Hi @Loki_K! Can you be a little more specific about what metadata you are considering using?
I’m talking about metadata provided on competition website. Am wondering if I can use date time feature, cause test and train dateranges overlap know?!
Also can i know what percentage of actual test data is used for public leaderboard?
You can use the date and time metadata for prediction. The date ranges do overlap between train and test, but geographic areas do not. This means that none of the test set locations are in the training data, so your model’s performance will be measured on unseen locations.
If you are worried about a more specific approach, don’t hesitate to reach out again!
We are not releasing the percent of the test data used for the public leaderboard.
Ohh. I didn’t see this. Thank you.
Sry for these silly questions. I just want to make sure my approach is right.
So does this refer to metadata too?
Yes, that does also refer to metadata. For a given sample, you can only use information that was already available at the time the sample was taken.
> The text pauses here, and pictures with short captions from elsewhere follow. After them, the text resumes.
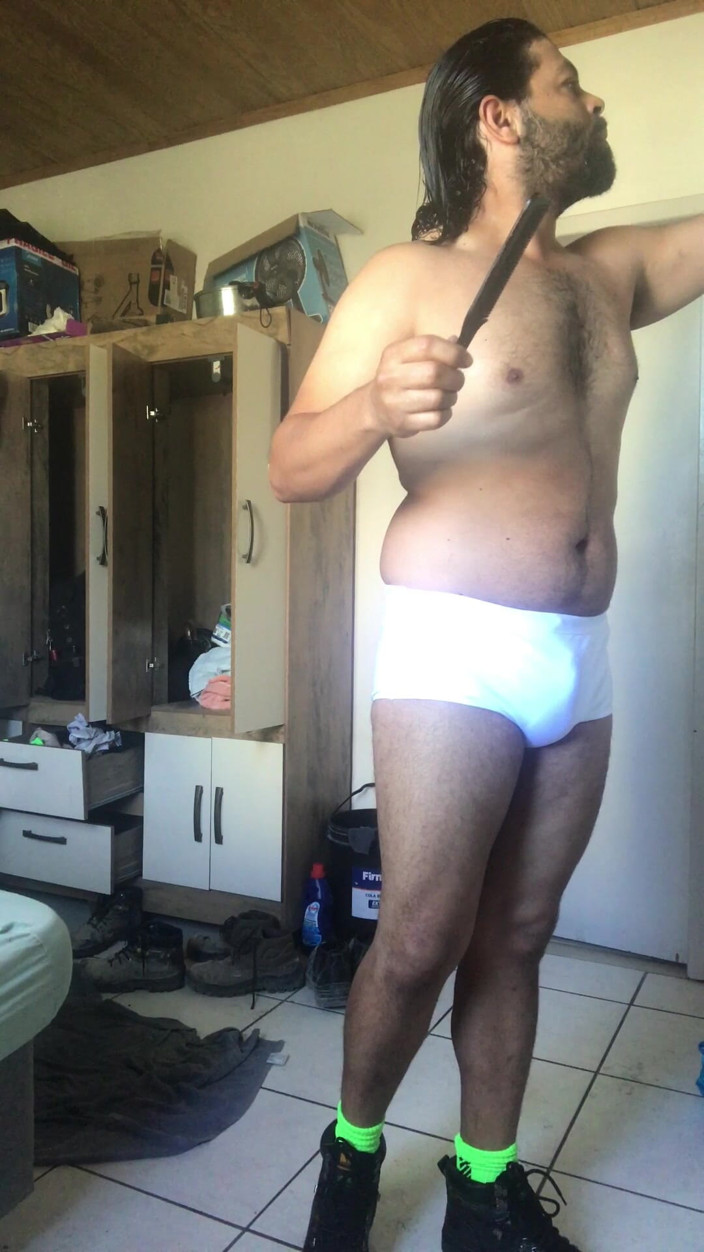 i7Bernard: Trying Out New Swim Trunks and Boots. Exercises and Stretches.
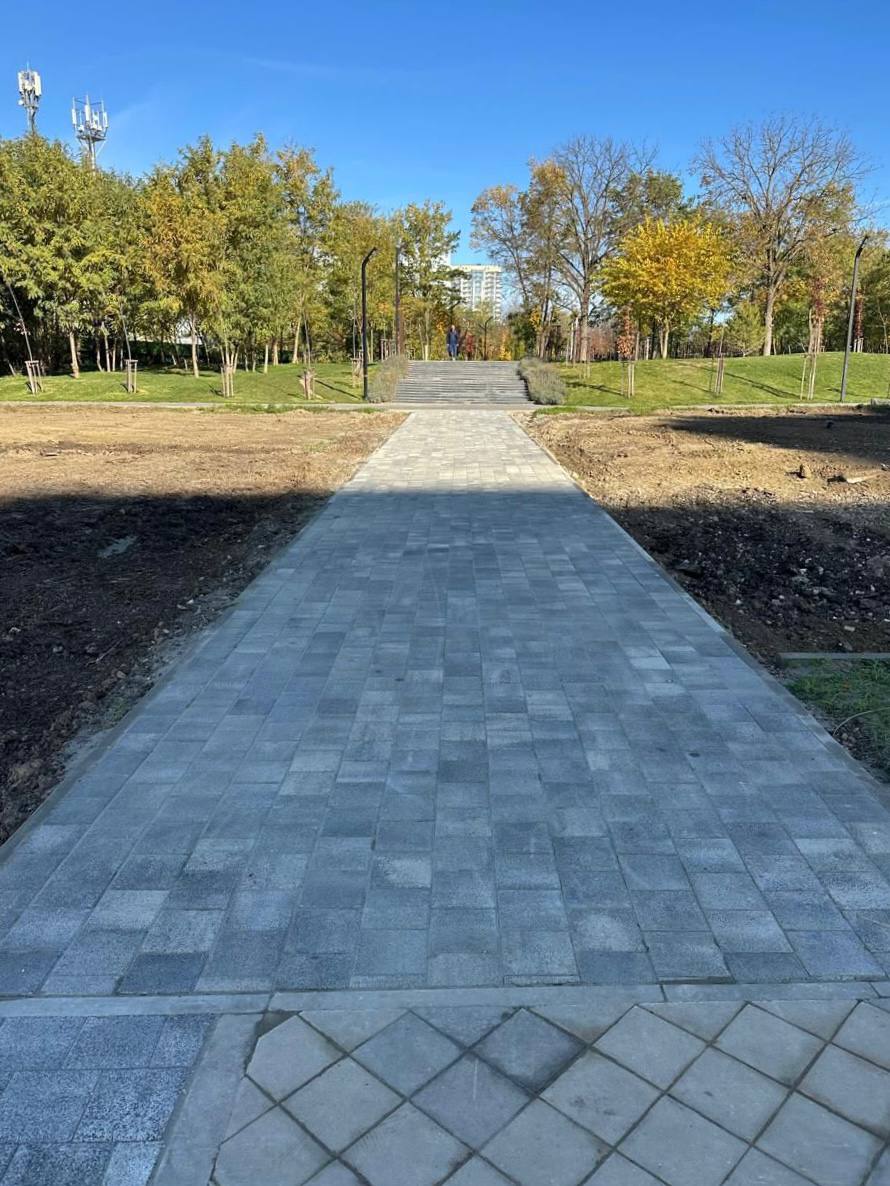 В Краснодаре новый тротуар соединил улицу имени Валерия Гассия с Николаевским бульваром В Краснодаре новый тротуар соединил улицу имени Валерия Гассия с Николаевским бульваром
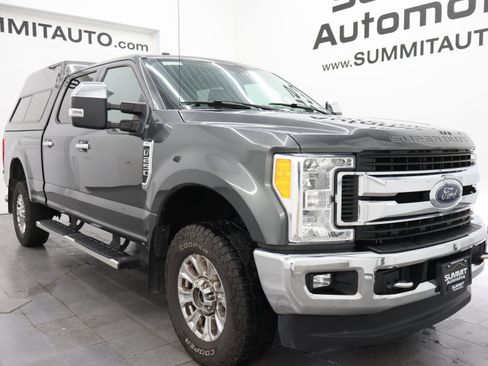 Used 2017 Ford F250 XLT w/ XLT Premium Package AWD/4WD image 2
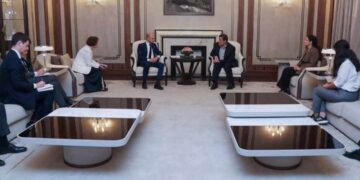 Mazlûm Ebdî, Îlham Ehmed û Wezîrê Karên Derve yê Fransayê civiyan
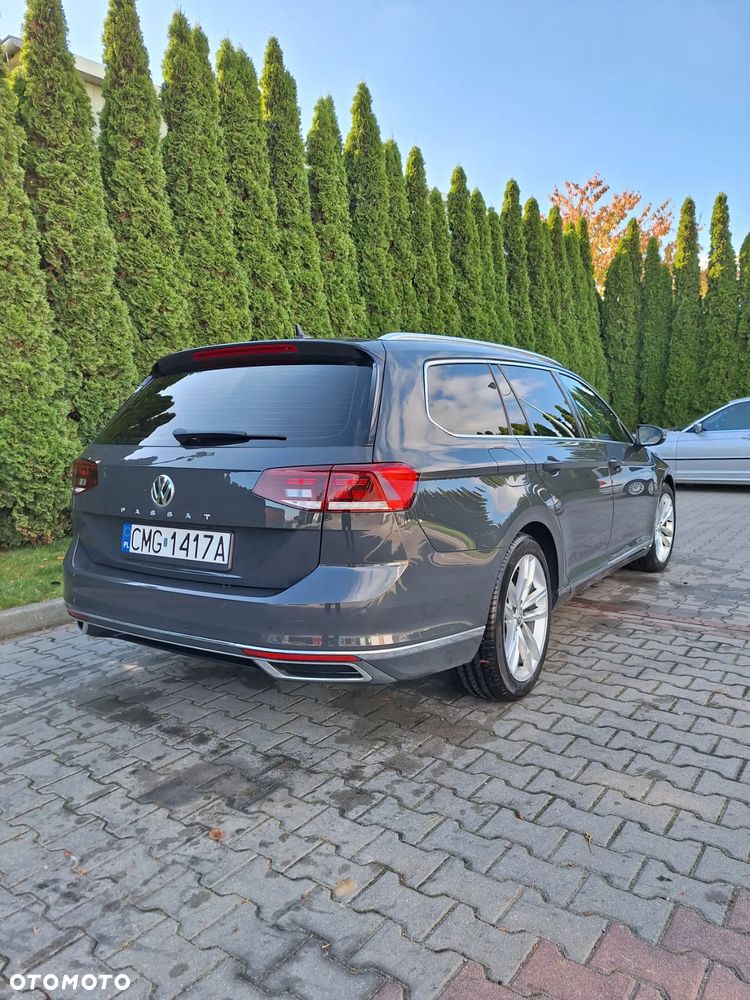 Volkswagen Passat 2.0 TDI SCR Elegance DSG - 6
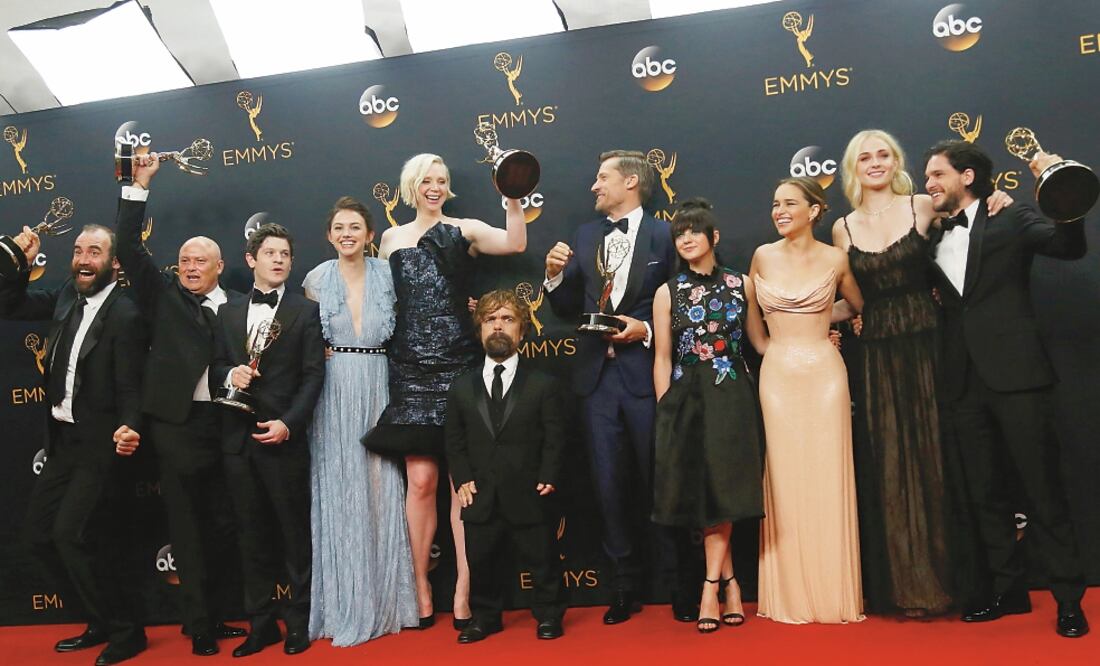 El elenco Game of Thrones se coronó como la serie que más galardones consigue en una sola edición en la historia de los Emmy (AGENCIAS)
Thank you for the clarification
My question is similar to Loki’s. Is it possible to use any feature in the metadata (month, latitude, longitude and density) in the modeling? I understand dates should not overlap. That is, if I am making a prediction for a datapoint in Jan-2015 I can only use data obtained before Jan-2015 to make that prediction.
I guess you can use any feature as long as there is no overlap.
@trex3 Yes, you can use features in the provided metadata (either from the competition data or from one of the approved sources) as long as the data was available at the time of the sample you are predicting on. Your example is correct - for a data point in Jan 2015, you could only use metadata from Jan 2015 or earlier.
Feel free to reach out with any other questions!